[Dataset entries]
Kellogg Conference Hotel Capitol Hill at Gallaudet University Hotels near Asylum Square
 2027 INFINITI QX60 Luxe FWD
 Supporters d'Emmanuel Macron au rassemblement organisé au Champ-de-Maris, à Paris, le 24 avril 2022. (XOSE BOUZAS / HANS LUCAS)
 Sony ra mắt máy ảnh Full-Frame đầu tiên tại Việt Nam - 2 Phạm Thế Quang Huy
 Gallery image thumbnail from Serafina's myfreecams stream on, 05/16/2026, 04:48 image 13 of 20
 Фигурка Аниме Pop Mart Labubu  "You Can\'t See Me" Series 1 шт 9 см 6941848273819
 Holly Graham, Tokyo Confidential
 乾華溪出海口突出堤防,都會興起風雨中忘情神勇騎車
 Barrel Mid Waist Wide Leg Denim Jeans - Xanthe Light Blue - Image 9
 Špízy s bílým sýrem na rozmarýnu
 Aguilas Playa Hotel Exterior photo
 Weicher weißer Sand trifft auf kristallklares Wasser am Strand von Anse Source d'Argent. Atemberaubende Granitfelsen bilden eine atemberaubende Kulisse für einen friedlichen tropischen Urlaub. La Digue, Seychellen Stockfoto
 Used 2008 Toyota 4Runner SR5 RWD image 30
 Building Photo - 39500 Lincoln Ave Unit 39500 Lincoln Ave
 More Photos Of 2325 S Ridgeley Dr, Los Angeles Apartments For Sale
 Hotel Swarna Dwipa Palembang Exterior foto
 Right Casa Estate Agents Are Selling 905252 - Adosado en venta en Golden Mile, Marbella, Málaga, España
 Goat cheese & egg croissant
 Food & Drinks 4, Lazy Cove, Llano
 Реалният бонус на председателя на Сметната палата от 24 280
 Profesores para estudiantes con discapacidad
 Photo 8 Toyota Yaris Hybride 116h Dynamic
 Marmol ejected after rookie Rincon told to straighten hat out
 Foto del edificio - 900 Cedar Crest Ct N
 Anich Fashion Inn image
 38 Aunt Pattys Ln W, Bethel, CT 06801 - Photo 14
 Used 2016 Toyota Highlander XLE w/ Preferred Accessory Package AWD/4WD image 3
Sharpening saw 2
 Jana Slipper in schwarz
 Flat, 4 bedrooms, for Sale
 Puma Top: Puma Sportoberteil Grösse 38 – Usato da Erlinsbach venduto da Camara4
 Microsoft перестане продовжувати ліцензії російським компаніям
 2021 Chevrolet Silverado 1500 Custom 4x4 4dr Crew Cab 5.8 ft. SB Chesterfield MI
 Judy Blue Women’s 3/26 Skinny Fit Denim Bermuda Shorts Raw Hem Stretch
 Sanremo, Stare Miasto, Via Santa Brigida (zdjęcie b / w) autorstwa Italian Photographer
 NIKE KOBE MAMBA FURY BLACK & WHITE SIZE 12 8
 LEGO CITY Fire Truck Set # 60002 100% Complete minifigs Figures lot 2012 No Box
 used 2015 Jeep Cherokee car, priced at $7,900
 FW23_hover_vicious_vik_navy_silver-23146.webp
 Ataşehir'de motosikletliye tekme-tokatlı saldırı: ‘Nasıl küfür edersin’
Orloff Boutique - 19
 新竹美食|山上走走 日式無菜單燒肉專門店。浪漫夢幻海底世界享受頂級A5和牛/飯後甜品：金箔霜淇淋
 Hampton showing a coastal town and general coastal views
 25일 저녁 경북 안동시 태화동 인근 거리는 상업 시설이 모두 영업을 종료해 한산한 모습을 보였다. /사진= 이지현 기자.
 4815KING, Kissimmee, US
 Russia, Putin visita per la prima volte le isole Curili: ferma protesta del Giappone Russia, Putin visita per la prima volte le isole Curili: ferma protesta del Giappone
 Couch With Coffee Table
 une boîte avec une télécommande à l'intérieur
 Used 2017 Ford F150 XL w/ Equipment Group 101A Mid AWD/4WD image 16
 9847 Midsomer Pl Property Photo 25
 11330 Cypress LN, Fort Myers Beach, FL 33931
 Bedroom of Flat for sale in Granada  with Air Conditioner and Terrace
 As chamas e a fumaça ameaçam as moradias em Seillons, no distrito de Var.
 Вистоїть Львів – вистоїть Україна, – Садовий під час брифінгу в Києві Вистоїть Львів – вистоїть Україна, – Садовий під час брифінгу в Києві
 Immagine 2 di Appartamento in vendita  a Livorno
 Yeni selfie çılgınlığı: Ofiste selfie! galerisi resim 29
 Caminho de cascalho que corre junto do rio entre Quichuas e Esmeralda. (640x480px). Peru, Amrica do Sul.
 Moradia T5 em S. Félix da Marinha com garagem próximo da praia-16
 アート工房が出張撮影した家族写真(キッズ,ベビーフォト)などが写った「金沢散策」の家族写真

Instructions for the task – Working from the data above, extract solely the lines from the one containing "Right Casa Estate" through the one containing "Реалният бонус на", exactly as they appear, both included.

Exercise solution –
 Right Casa Estate Agents Are Selling 905252 - Adosado en venta en Golden Mile, Marbella, Málaga, España
 Goat cheese & egg croissant
 Food & Drinks 4, Lazy Cove, Llano
 Реалният бонус на председателя на Сметната палата от 24 280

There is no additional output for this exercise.